🤖 AI Summary
Existing travel planning evaluation benchmarks overemphasize constraint satisfaction while neglecting multidimensional quality aspects such as spatiotemporal costs, and suffer from insufficient data authenticity and coverage, limiting their ability to comprehensively assess LLM-driven planning capabilities. This work proposes the first six-dimensional evaluation framework encompassing accuracy, compliance, temporal feasibility, spatial coherence, economic efficiency, and practicality. It introduces a high-fidelity simulation sandbox grounded in real-world transportation and accommodation data, integrating geospatial APIs, fine-grained queuing models, and multi-agent simulation to enable dynamic, end-to-end assessment of travel itineraries. Experiments across twelve state-of-the-art methods reveal that current LLMs exhibit significant deficiencies in spatiotemporal reasoning and budget management, and that sophisticated agent-based strategies do not consistently yield performance improvements.
📝 Abstract
The development of Large Language Models (LLMs) has significantly improved travel planning applications, yet evaluating such models is limited by existing benchmarks' limitations: 1) overemphasis on constraint compliance, neglecting multi-dimensional qualities like spatio-temporal cost; 2) datasets lacking real-world authenticity and coverage in key areas (e.g., lodging, transport); and 3) isolated daily plan assessments that miss critical details (e.g., the impact of daily accommodation and visit pacing) needed for entire plan's evaluation.
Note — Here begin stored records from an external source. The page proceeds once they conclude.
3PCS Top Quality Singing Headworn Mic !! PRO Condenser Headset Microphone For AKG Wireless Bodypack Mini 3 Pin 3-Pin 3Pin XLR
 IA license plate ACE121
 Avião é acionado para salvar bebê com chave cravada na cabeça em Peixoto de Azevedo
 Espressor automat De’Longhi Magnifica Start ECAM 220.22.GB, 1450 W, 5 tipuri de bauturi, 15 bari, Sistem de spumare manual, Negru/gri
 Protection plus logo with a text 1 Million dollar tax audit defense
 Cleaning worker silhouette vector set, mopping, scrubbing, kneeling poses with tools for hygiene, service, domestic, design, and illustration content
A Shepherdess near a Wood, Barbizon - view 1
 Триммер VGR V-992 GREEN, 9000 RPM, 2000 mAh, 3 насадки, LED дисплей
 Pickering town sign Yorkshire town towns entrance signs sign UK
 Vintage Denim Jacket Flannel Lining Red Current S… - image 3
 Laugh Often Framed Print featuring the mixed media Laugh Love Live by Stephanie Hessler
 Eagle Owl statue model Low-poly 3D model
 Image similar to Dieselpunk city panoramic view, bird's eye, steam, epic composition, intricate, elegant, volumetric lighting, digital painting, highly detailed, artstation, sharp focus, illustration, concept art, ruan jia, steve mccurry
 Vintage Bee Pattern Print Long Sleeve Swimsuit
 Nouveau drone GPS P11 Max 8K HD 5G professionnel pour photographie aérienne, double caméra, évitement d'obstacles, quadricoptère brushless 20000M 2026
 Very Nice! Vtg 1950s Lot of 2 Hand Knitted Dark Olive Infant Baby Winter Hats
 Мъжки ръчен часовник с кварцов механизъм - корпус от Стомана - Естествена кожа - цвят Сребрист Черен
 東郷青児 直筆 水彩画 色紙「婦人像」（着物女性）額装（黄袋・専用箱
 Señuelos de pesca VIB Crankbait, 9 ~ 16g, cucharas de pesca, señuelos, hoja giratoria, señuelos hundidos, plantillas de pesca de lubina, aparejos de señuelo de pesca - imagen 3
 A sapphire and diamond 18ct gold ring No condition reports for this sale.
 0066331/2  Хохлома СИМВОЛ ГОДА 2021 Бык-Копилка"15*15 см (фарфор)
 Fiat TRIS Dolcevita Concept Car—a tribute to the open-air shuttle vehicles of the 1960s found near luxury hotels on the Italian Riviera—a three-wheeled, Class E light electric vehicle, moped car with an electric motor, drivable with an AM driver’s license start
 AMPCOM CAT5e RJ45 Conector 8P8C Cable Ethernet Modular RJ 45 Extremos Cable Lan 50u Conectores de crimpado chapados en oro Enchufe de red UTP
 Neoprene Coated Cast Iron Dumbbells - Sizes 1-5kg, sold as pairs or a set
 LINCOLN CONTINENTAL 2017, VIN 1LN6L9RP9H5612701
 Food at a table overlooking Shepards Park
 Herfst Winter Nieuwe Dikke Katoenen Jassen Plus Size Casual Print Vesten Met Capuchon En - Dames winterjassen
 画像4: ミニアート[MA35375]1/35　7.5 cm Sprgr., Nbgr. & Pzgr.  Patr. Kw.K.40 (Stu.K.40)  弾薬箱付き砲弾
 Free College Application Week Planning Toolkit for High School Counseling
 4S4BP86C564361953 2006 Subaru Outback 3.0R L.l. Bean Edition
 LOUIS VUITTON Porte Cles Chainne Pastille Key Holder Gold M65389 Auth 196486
To address this gap, we introduce TravelEval, a realistic and comprehensive benchmark. TravelEval features 1) a novel six-dimensional evaluation framework to holistically assess plans across accuracy, compliance, temporality, spatiality, economy, and utility dimensions; 2) a highly realistic data sandbox with precise accommodation pricing and authentic intercity transportation data; and 3) a simulation-based global evaluation method that emulates complete travel plans with API-integrated geographic information and fine-grained queuing time. Evaluating 12 mainstream approaches with TravelEval reveals several valuable insights, such that LLMs struggle with globally-optimized multi-dimensional planning (especially in spatio-temporal reasoning and budget compliance), and agentic reasoning strategies offer no consistent improvement. Concisely, TravelEval facilitates travel plan evaluation via grounded spatio-temporal emulation and comprehensive metrics, providing a robust foundation for advancing LLM-powered travel planning research and applications.